Time and Energy Saved in New Shaft Grinding Concept

July 7, 2022
The award-winning JUMAT machine is a high-productivity, energy-efficient technique for mass production of worm gears.

Erwin Junker Maschinenfabrik – a developer of high-speed grinding technologies – last year earned recognition from Germany’s Baden-Württemberg Ministry of the Environment for its JUMAT grinding machine, which can be used for high-productivity, energy-efficient mass production of worm shafts with a highly productive and energy-efficient method.

The new machine was introduced in 2021.

Worm gears figure prominently in power-transmission designs – gearboxes and drives – where they are used to achieve high-ratio changes in speed or torque. Finished worm gears figure in electrically driven systems for cars, like steering and brake systems and powered devices like seats, mirrors, and hatches; and in general mechanical engineering; and in multiple other industrial and consumer applications , some of which may require thousands or millions of worm shafts annually.

"Erwin Junker Maschinenfabrik GmbH has developed not only a new grinding process, but also a comprehensively new approach, which achieves improvements and savings in many ways. That is what motivated the jury to award the special prize to the JUMAT," explained Baden-Württemberg Environment Minister Thekla Walker.

The Erwin Junker JUMAT machine is a single operation for producing worm shafts, in contrast to established processes that may involve several discrete stages: milling, rolling, smoothing, and deburring. Obviously, each step involves time and handling.
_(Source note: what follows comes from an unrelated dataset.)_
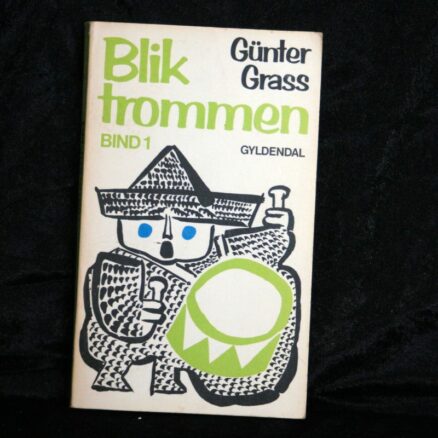 Günther Grass, Bliktrommen - 1. del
In the new machine, a worm shaft is ground from a solid blank with the basic geometry of the finished part and two bearing seats. Next, the blank is fed into the fully automated process via a loading system and undergoes pre-grinding and finished-grinding. Then, the workpiece moves to an integrated deburring station, and a finished worm shaft comes out at the end.

Among the innovations of the Erwin Junker process are a newly developed tool geometry and an optimized pre-grinding process, which replaces the principal cutting capacity and works at very high feed rates.

According to the developer, around 40 percent of energy and material required to produce the worm gears can be saved via the JUMAT. Other advantages of the new production process include long tool life and reduced space requirements; at least 50-percent shorter cycle times; and about 25 percent lower energy consumption.

"We were rather conservative in our calculations. However, the values have proved to be realistic. The first customer applications that we were able to support in 2021 have in some cases significantly exceeded our forecasts,” reported Erwin Junker Maschinenfabrik managing director Joachim Himmelsbach.